Zotti likes to use Skype, Google Hangouts, Zoom and Adobe Connect for video communications and prefers Skype, Slack and IM for text. He says, “Communication tools are critical to enable open, ongoing, direct and real-time interactions for employees and their managers to discuss any number of topics that range from informal check-ins to formal meetings.”

Dr. Jo Webber, CEO and founder of Pod in Hawthorne, California, recommends daily group video calls. “Google Meet is free and works really well for groups of 25 or less,” says Webber. “This adds a bit of structure to your daily routine. You can also use group chat. Apps like Pod include free group chat – this allows working groups to stay connected and easily chat with each other.”

“There are a lot of ways to keep the staff in the loop when they work from home,” says Morgan Taylor, CMO of LetMeBank in Los Angeles. “We use Zoom and Slack. Zoom is great when one person needs to communicate with a group visually, and Slack is like a private message board for the company. We have the Slack threads segmented into the various groups that need to work together, with oversight able to enter all threads and point groups in the right direction. Of course, email is also a great way to communicate, as is the phone.”

Remember, communications alone will not insure efficiency. You’ll need to incorporate flexible and intuitive web-based team management tools to keep your group running at peak effectiveness. These project platforms can provide the scheduling mentioned earlier. Trello is a good example, but there are others. You’ll find that using these tools will recreate the office environment without the burden imposed by enduring rush hour traffic.

“As teams move virtual, make sure they are supported with access to project managements systems like Asana and messaging systems like Slack,” says Cook. “Teams can and should have regular ‘all hands on deck’ conference calls especially as everyone is transitioning to work remotely. Teams need to understand what the priorities and deadlines are, how to clearly communicate (and the chain of communication), and most importantly, what changes need to be made given the current climate.”

Beyond the technology, there is also the leadership. Firms that have successfully decentralized have leaders who embrace the strategy. Don’t think you’re “hip” if you know how to use email. That was so Twentieth Century.

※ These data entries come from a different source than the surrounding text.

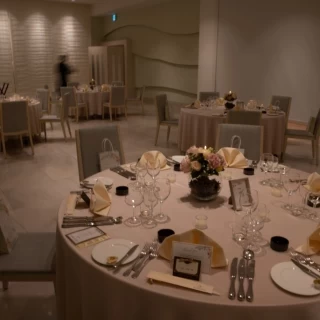 白を基調とした披露宴会場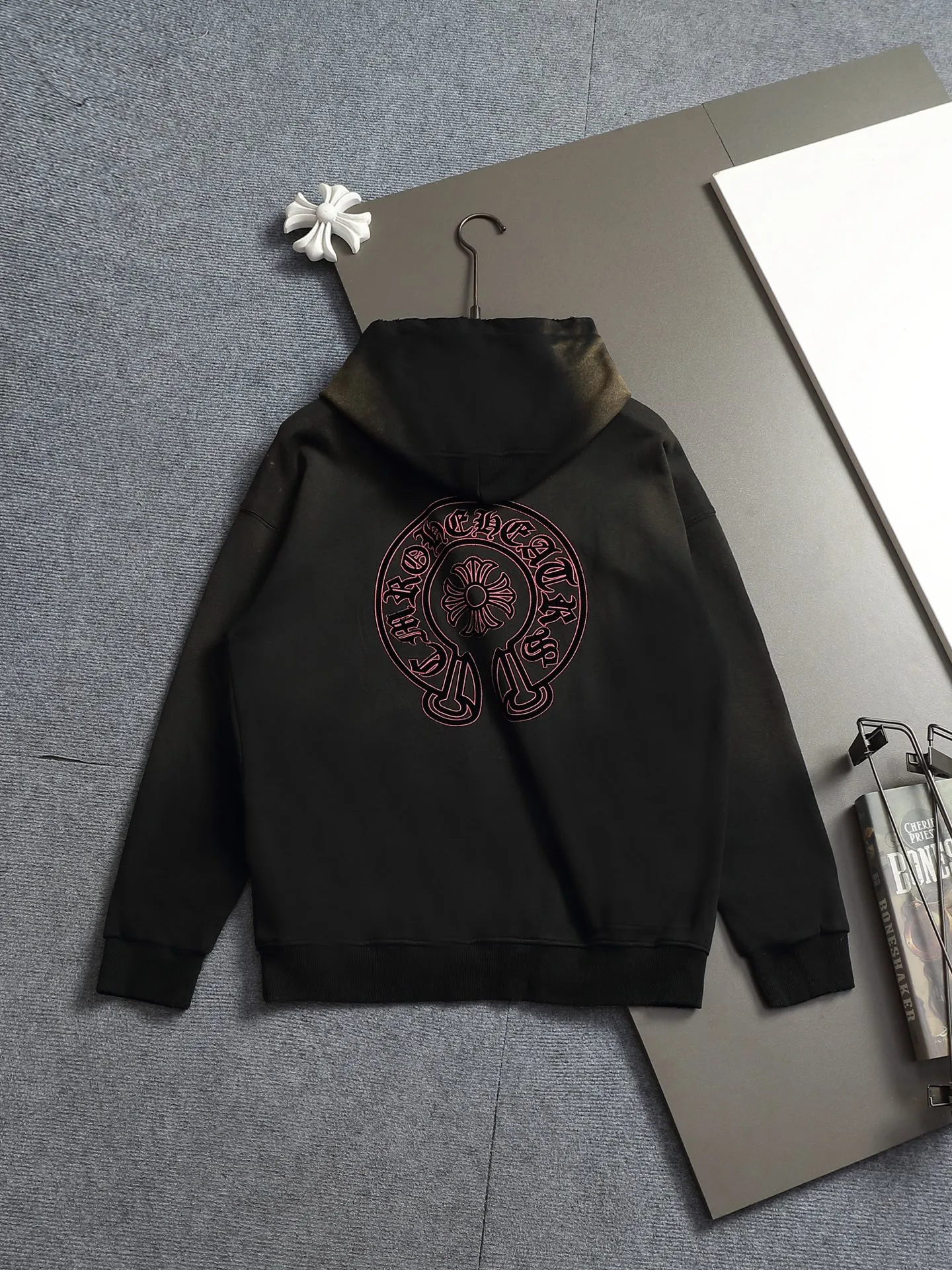 𝗖𝗵𝗿𝗼𝗺𝗲 𝗛𝗲𝗮𝗿𝘁𝘀/ 2026 New Arrival Original 👑 ！ ！ ！ 👍 ✂️Quality , ！ 。 ： ➕100% 。Authentic ➕ ➕3D ➕ ： ！ ！ Authentic ！ Same Style ！ Black Dark Gray Light Gray Size：S-XL
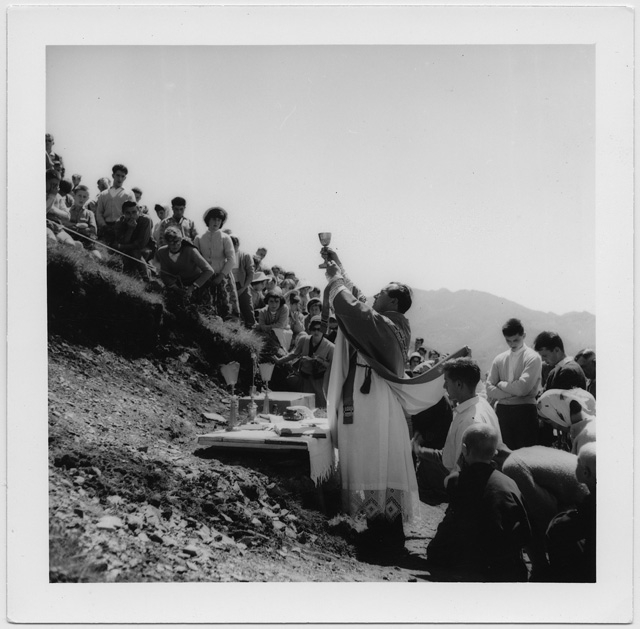 Messa all'aperto alla Sassèra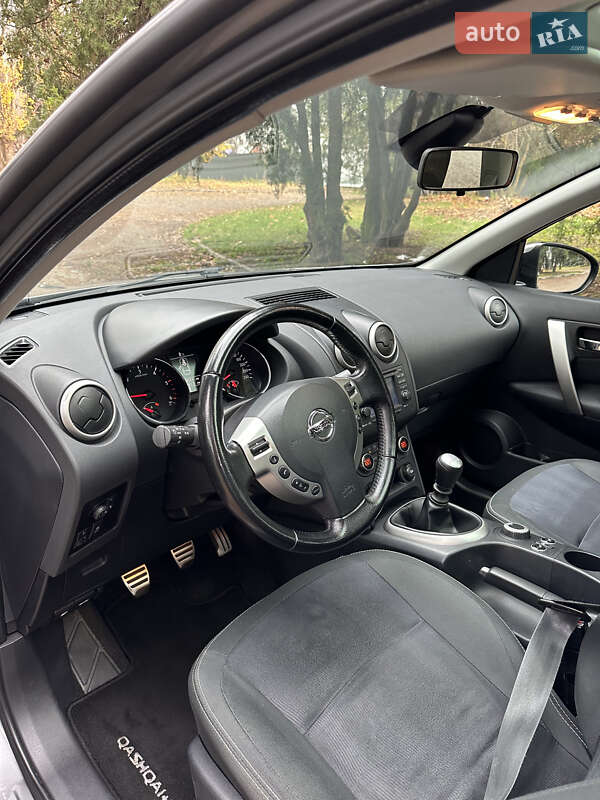 Позашляховик / Кросовер Nissan Qashqai+2 2011 в Києві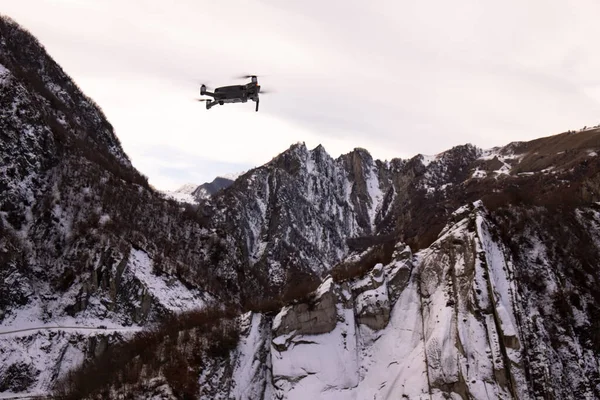 Lahij köyü. Azerbaycan. 01.31.2021 yıl. Drone köyün yakınlarındaki güzel karlı dağların fotoğraflarını çekiyor..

“You can’t run your empire by email alone,” says Wayne Turmel, co-founder of The Remote Leadership Institute in Las Vegas. “Get used to using your webcams. If the senior leaders don’t use them, the rank and file won’t. The number one factor in whether a team uses a tool is if the boss uses it. Also, try not to do separate messages for folks in the office and those remote. Be all one team and send that message.”

Finally, aside from work, there’s another reason to maintain regular and consistent communications. As a song once said, “people need people.” So, don’t be afraid to show your lovely mug. You don’t need a fancy camera, either. You can just use your phone.

“Email just to reiterate the conversation or plan you may have had,” says Kyle Winkfield, President of Finley Alexander Wealth Management in Rockville, Maryland. “If you don’t hear back in a day, send a reminder. Some people are panic stricken by all the news and certain items tend to get lost in their daily shuffle. I still believe face to face through a platform like Facetime is the most effective. They’re subject to quarantine like the rest of us, they want to see a friendly face throughout this time.”

And a welcoming smile might be worth a lot right about now.